Representatives of the Solomon Islands, Tonga and Tuvalu participated in the 22nd session of the Internship Programme for Legal Drafters and National Authority Representatives at the Organisation for the Prohibition of Chemical Weapons (OPCW) in The Hague, from 26 – 30 August.
The week-long Internship Programme, conducted by the Technical Secretariat of the OPCW, featured presentations on a range of issues related to implementation of the Chemical Weapons Convention including inspections, declarations, as well as the importance of national implementing legislation in addressing emerging challenges, particularly the threat of chemical terrorism.
At the end of the programme, each national delegation produced a draft text of its implementing legislation, as well as an Action Plan for the adoption process of the draft laws. The plan includes follow-up actions and an indicative timeline, which will serve as references for the Technical Secretariat to follow up on the adoption process.

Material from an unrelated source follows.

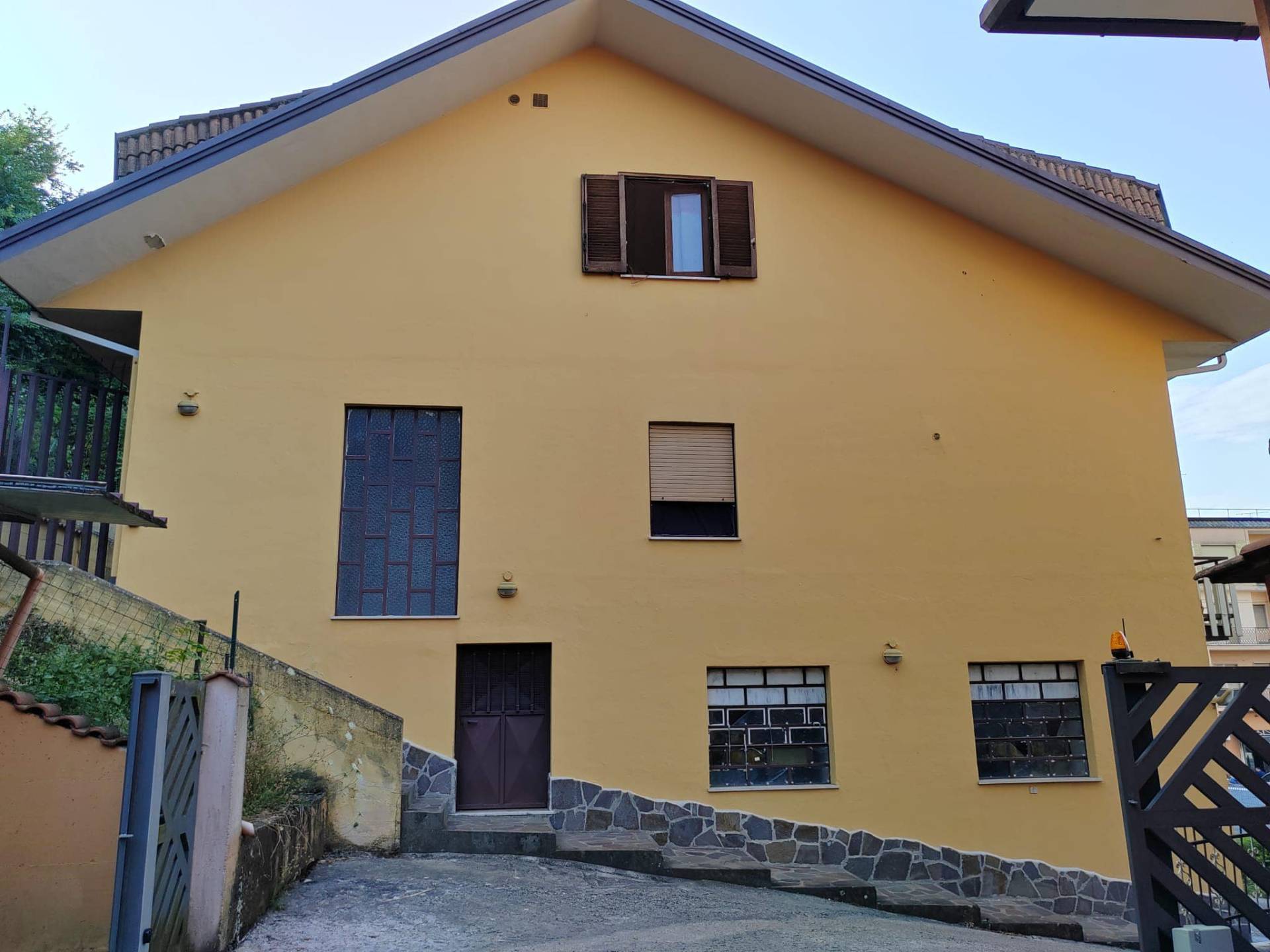 Casa indipendente con terrazzo a Ceccano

Through the programme, the participants worked closely with the Technical Secretariat’s experts and shared knowledge and experience with other OPCW Member States in similar stages of the implementation process in order to align best practices.
The Internship Programme for Legal Drafters and National Authority Representatives is a one week legal workshop during which participants are equipped with the technical capacity and requisite skills to complete a draft of national implementing legislation and to pursue its adoption when they return to their home country.
Since its inception in 2012, 48 OPCW Member States have participated in the Programme. Among these, Cape Verde, Grenada, Panama, Paraguay, Uganda and Lao People’s Democratic Republic have successfully enacted national legislation, while others are at various stages of the adoption process.
As the implementing body for the Chemical Weapons Convention, the OPCW, with its 193 Member States, oversees the global endeavour to permanently eliminate chemical weapons. Since the Convention’s entry into force in 1997, it is the most successful disarmament treaty eliminating an entire class of weapons of mass destruction.
Over 97% of all chemical weapon stockpiles declared by possessor States have been destroyed under OPCW verification. For its extensive efforts in eliminating chemical weapons, the OPCW received the 2013 Nobel Peace Prize.